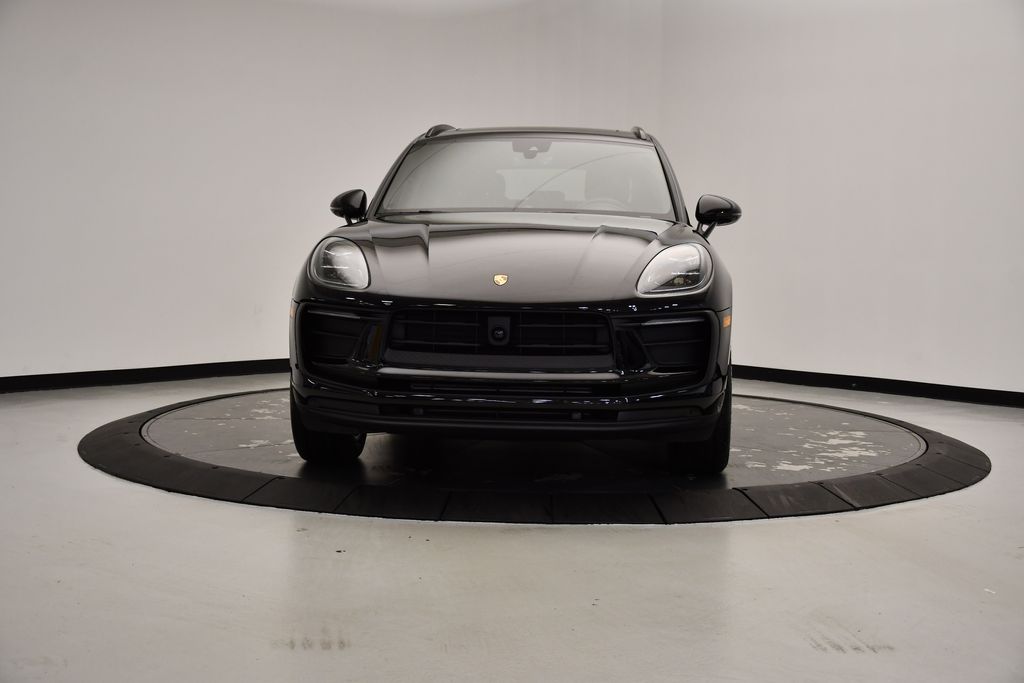 Thumbnail: 2025 Porsche Macan - 8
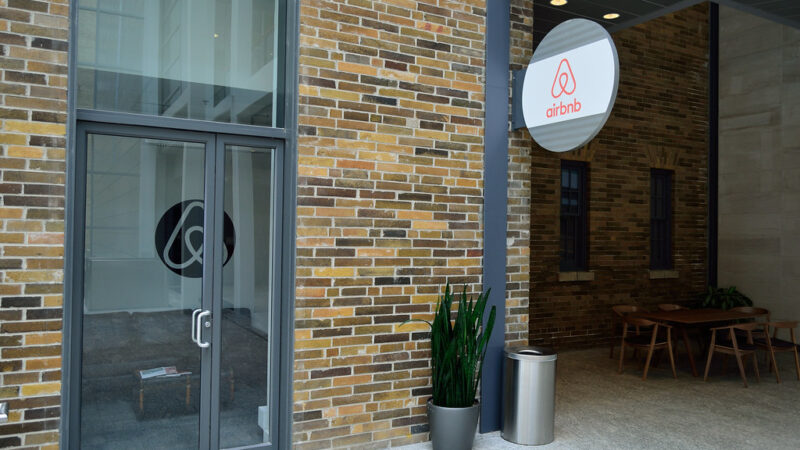 Airbnb ‘sacode’ administração e volta a por planos de IPO na mesa
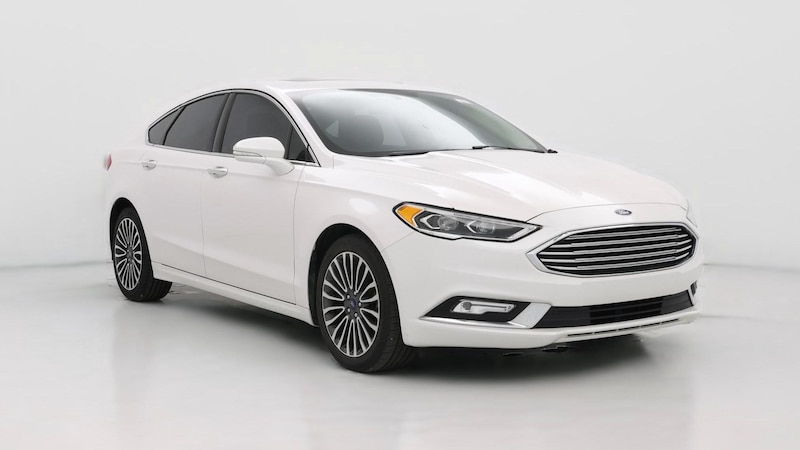 2017 Ford Fusion SE Hero Image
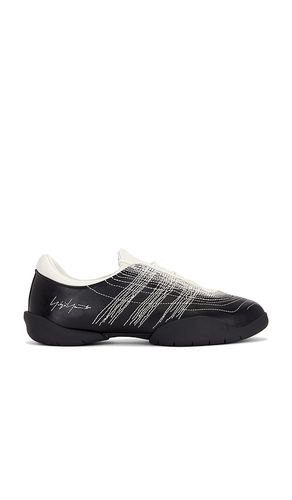 CHAUSSURES REGU en . Taille 10. Also en 10.5, 8.5, 9, 9.5 - Y-3 - Modalova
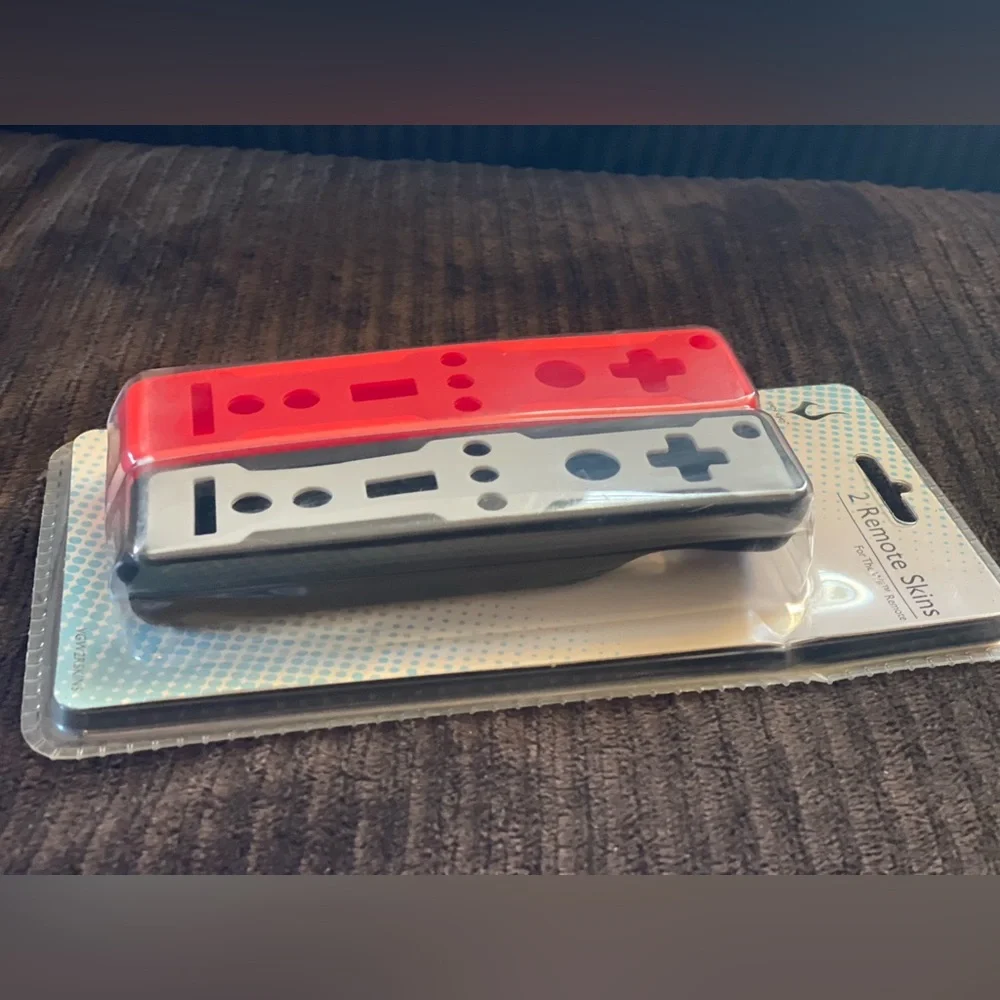 Nintendo Wii Remote Sleeve Set — Black and Red - Picture 3 of 10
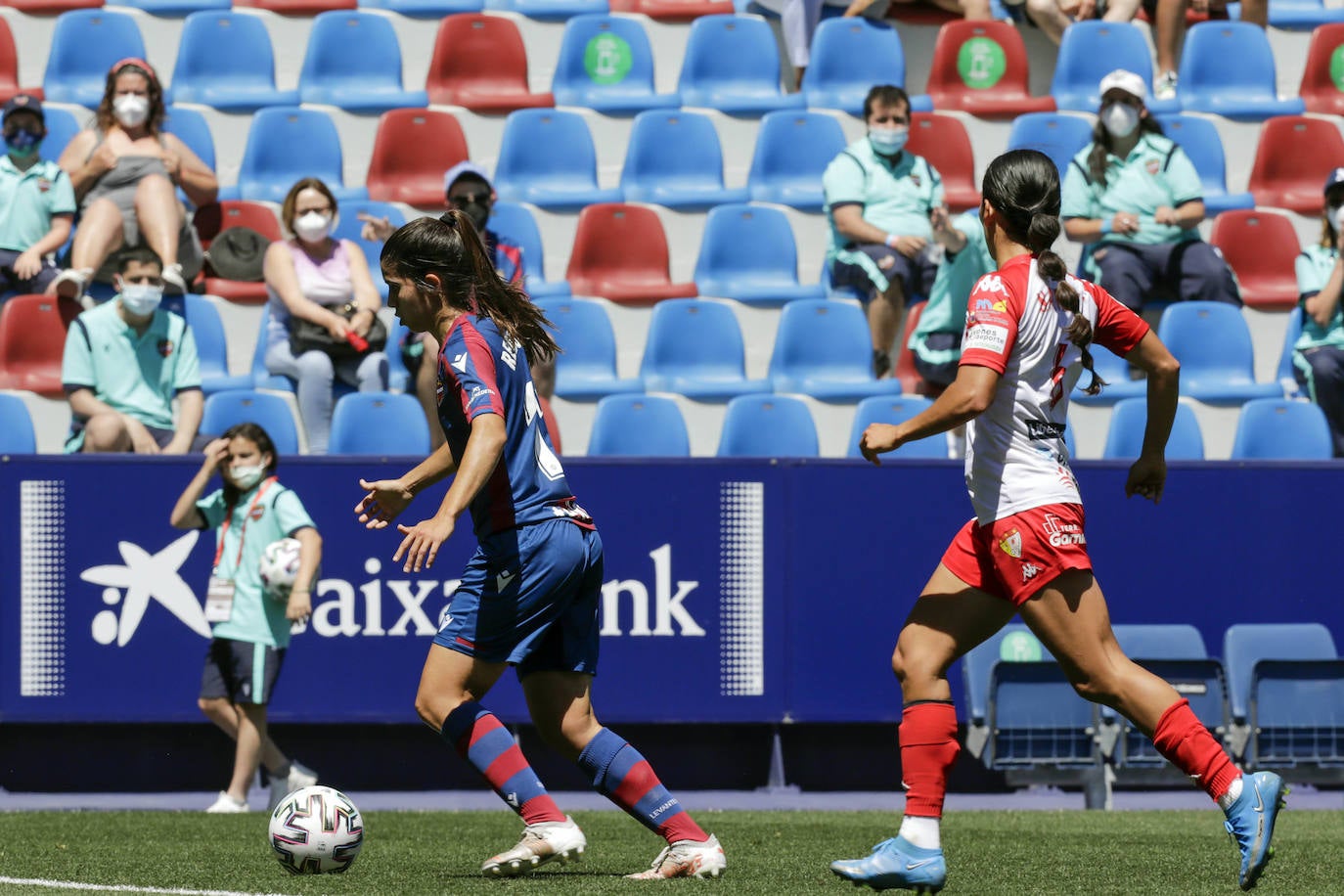 La afición granota estrena el campo de Orriols tras su remodelación en el encuentro entre las de María Pry y el Santa Teresa.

» Prompt: Every line from the one holding "Nintendo Wii Remote" through the end of the records above must be reproduced verbatim, pictures excepted.

» Solution to this task:
 Nintendo Wii Remote Sleeve Set — Black and Red - Picture 3 of 10
 La afición granota estrena el campo de Orriols tras su remodelación en el encuentro entre las de María Pry y el Santa Teresa.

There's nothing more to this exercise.